* **TASK TO CARRY OUT**
From the line containing "Smart Light Switch, Aleath" to the line containing "極美品 定価2,3万 RRL クルーネック長袖ワッフル L 黒系 スミクロ" in the entries below, reproduce every line exactly, ends included. Nothing else belongs in the copy, and no pictures.

++++ SUPPLIED MATERIAL ++++

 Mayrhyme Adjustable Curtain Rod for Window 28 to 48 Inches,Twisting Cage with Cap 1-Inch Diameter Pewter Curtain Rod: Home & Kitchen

++++
++++ SUPPLIED MATERIAL ++++

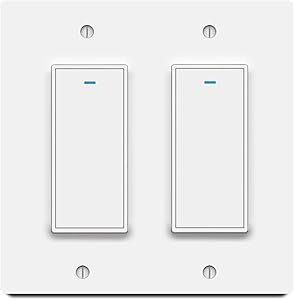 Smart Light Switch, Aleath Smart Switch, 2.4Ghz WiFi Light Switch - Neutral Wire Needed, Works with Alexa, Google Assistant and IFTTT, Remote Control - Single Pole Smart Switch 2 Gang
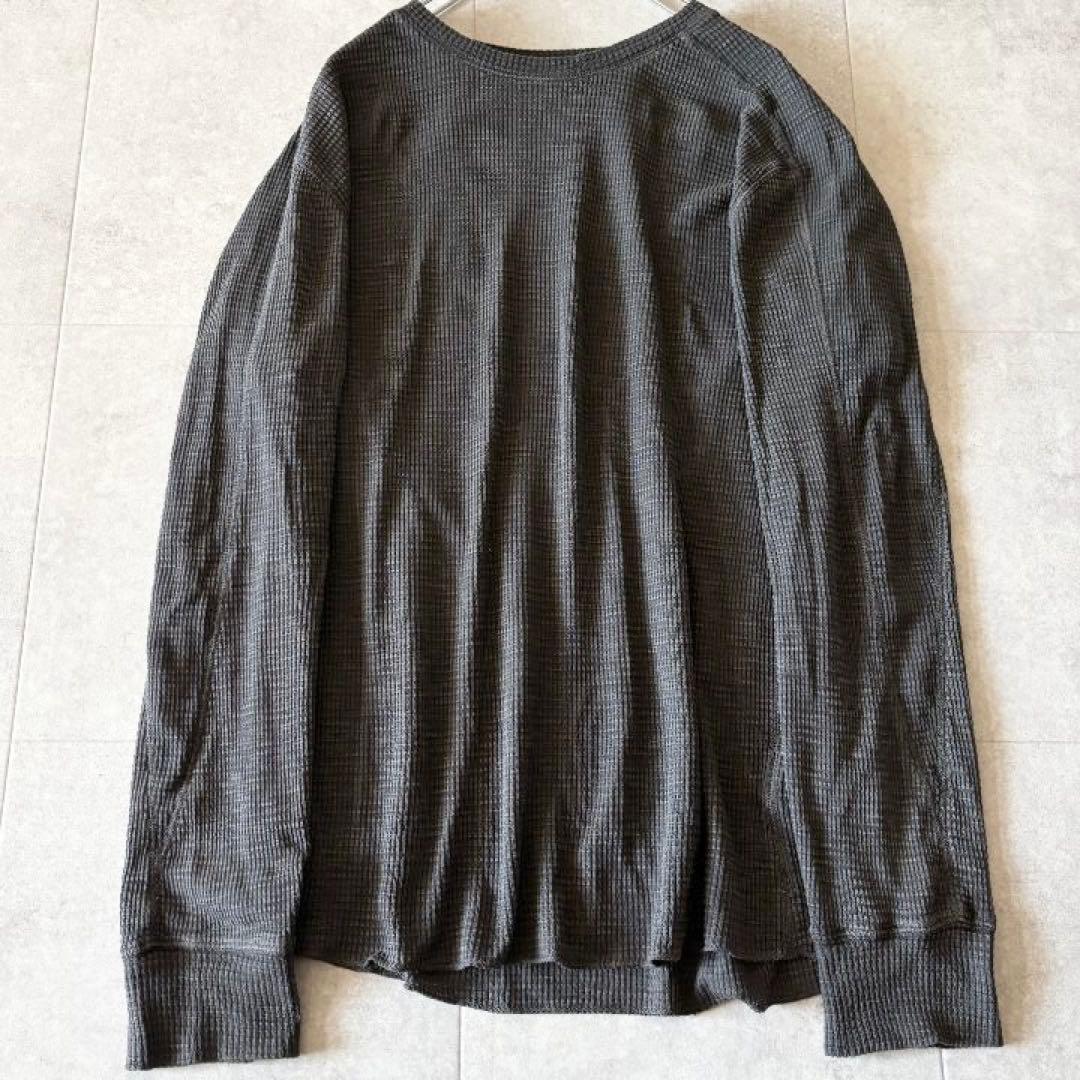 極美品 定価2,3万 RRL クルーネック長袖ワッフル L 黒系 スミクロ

++++
++++ SUPPLIED MATERIAL ++++

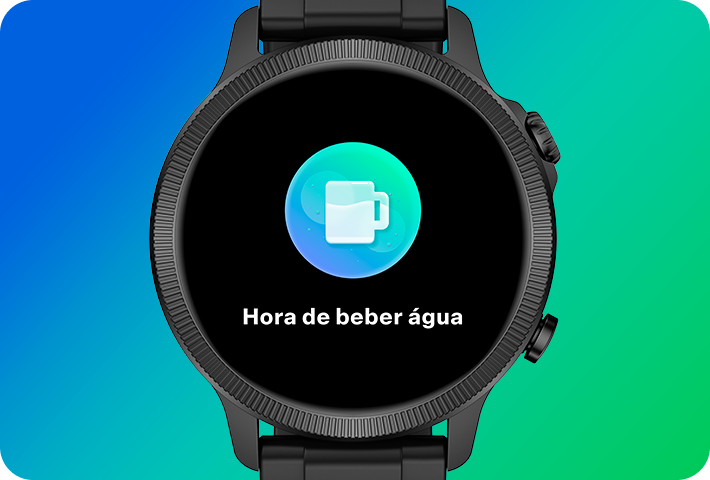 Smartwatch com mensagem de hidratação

++++

* **OUTPUT FOR THIS TASK**
 Smart Light Switch, Aleath Smart Switch, 2.4Ghz WiFi Light Switch - Neutral Wire Needed, Works with Alexa, Google Assistant and IFTTT, Remote Control - Single Pole Smart Switch 2 Gang
 極美品 定価2,3万 RRL クルーネック長袖ワッフル L 黒系 スミクロ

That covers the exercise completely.